I had a 2009 or 2010 model, and while I agree with what you're saying overall,
the new 5K models have incredible screens:
[http://jakeseliger.com/2015/01/01/5k-retina-imac-and-mac-
os-...](http://jakeseliger.com/2015/01/01/5k-retina-imac-and-mac-os-x-
yosemite-thoughts/).

------
cmrdporcupine
At work I have a Z820 dual-Xeon (each w/ 16 cores) specialist workstation
packed with SSD drives and 64GB of RAM.

At home I have a 6 year old beaten up Thinkpad with an i7, 8GB RAM, and a
small SSD.

Apart from when I'm compiling some very heavy workloads, I can't honestly feel
the difference much. For the smaller projects I do at home, it's still zippy.

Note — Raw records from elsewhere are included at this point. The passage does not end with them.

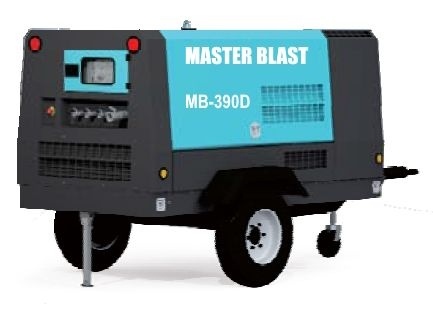 Винтовой компрессор Master Blast MB-390D-10+AC (дизельный с осушителем) фото 1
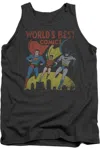 Gildan Justice League Of America Worlds Best Adult Tank Top In Pink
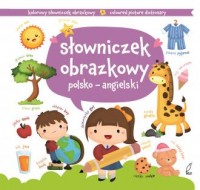 Słowniczek obrazkowy polsko-angielski - okładka książki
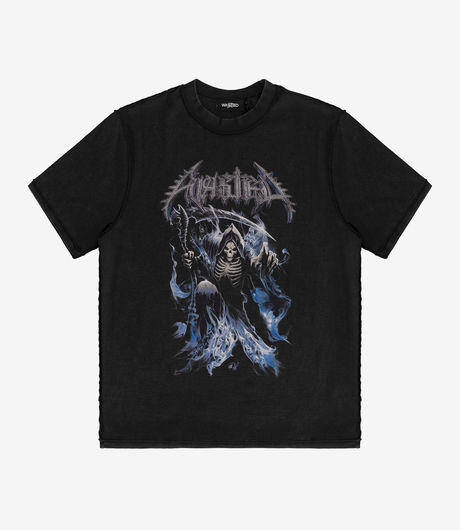 Wasted Paris Reverse Nightfall T-Shirt Faded Black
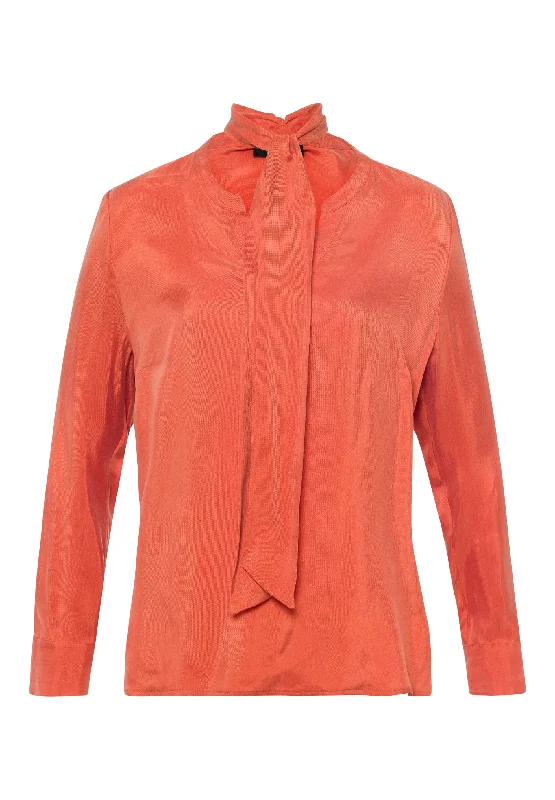 Women's Wide Collar SweatersTuzzi Orange Cupro Blouse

I thought about getting a faster machine at home to run Quartus at higher
speeds for some FPGA personal projects. But the free web edition will only
ever use 1 core anyways. So almost pointless upgrading.

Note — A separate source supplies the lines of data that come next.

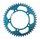 Rear ALU sprocket SUPERSPROX RAL-4:46-BLU plavi 46T, 420
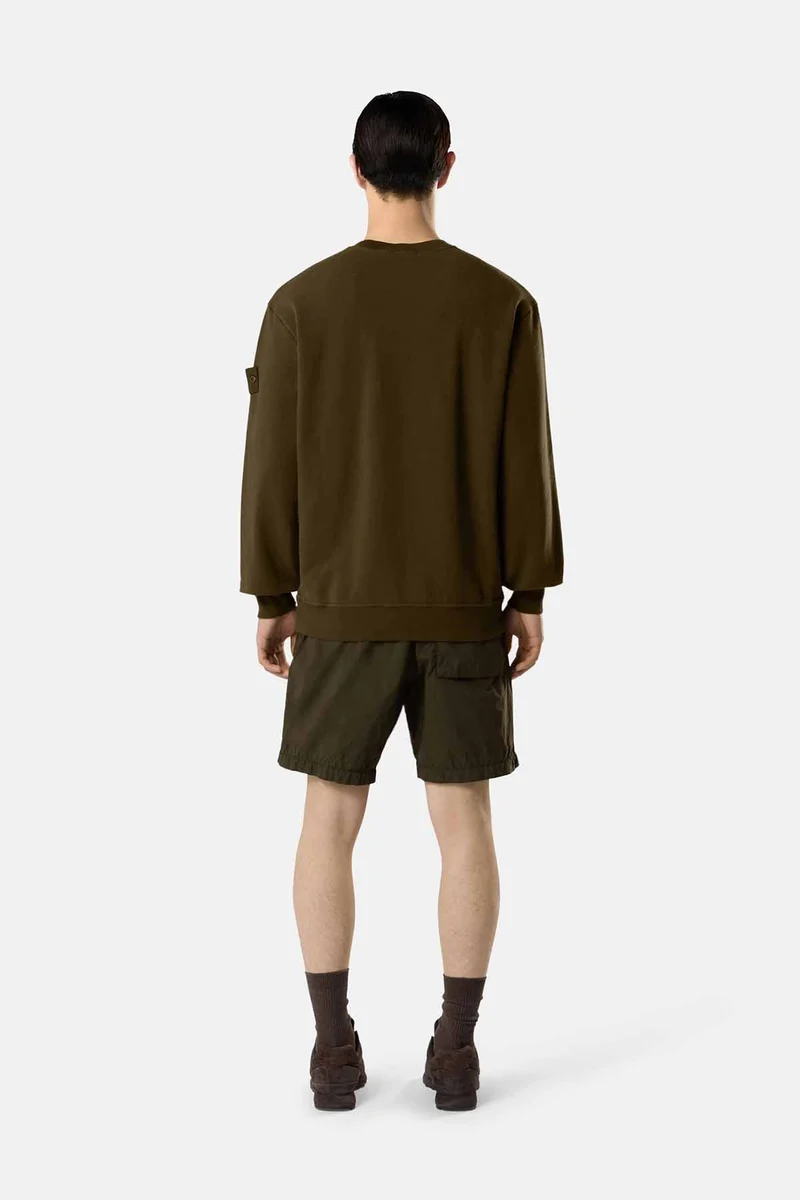 Stone Island Herren Sweatshirt Ghost Militärgrün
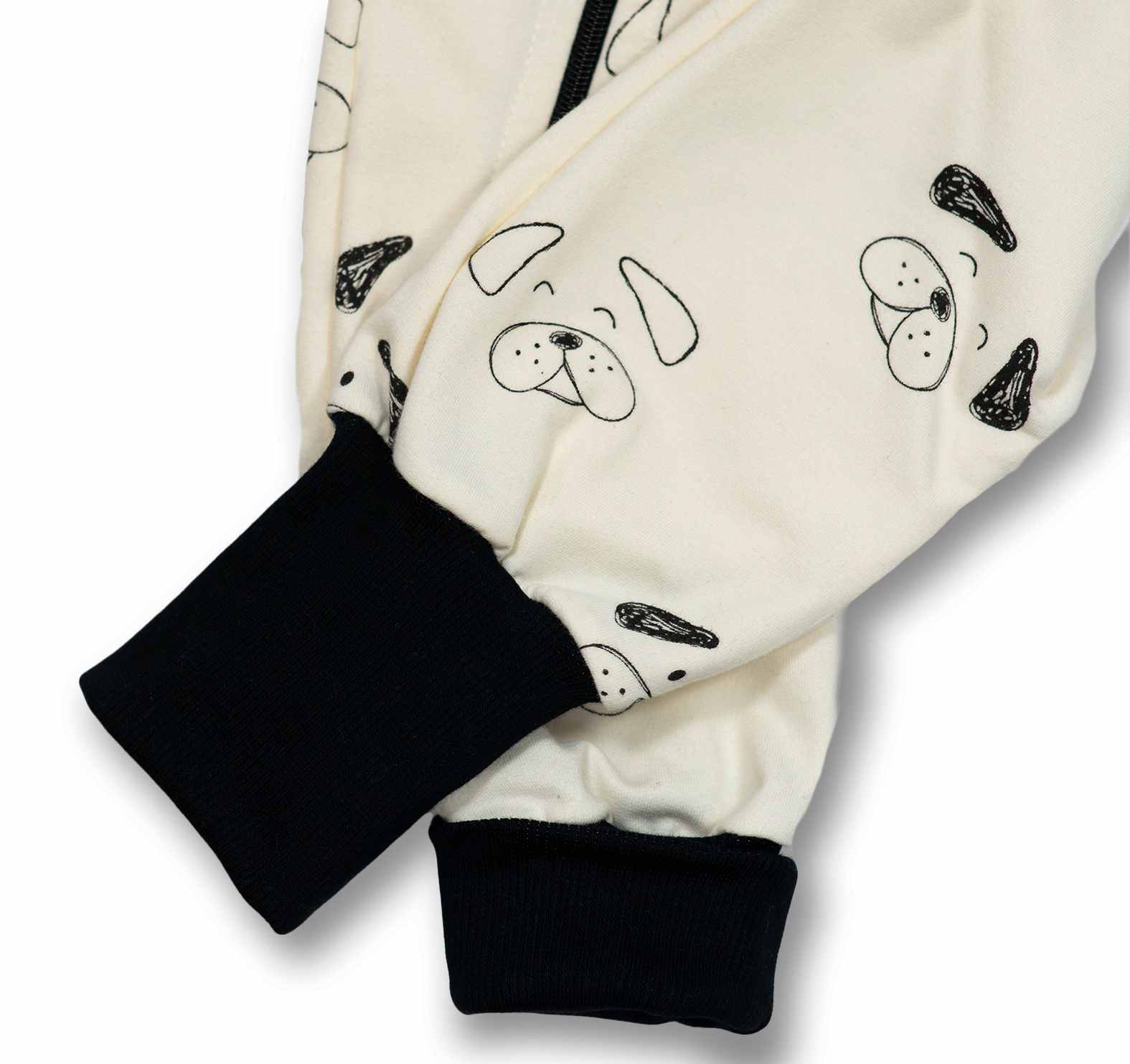 Rostoucí dětský teplákový overal TLAPKA smetanový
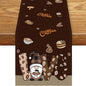 Coffee Theme Table Runner, Rustic Brown Gnome Coffee Theme Bean Cafe Cup Tea by Unknown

Tech has become mostly 'good enough' for many years now, even for engineers.
It's only gaming tech and display technologies that are really making me want
something newer.

------
azevedomarti
This trend is foreseeable. Mobile devices are replacing part of the function
of the PCs. Besides, the growth of hardware is much faster than the software.
A 7-years old PC is still performing well if we only require basic function.
We do not need a new one. The sales figures will keep declining if there is
not new value provided by PC.

------
shams93
I wonder if they count chromeos devices as pc's in this study, currently my
main dev systems are a chromebook and a digital ocean instance that I remote
into.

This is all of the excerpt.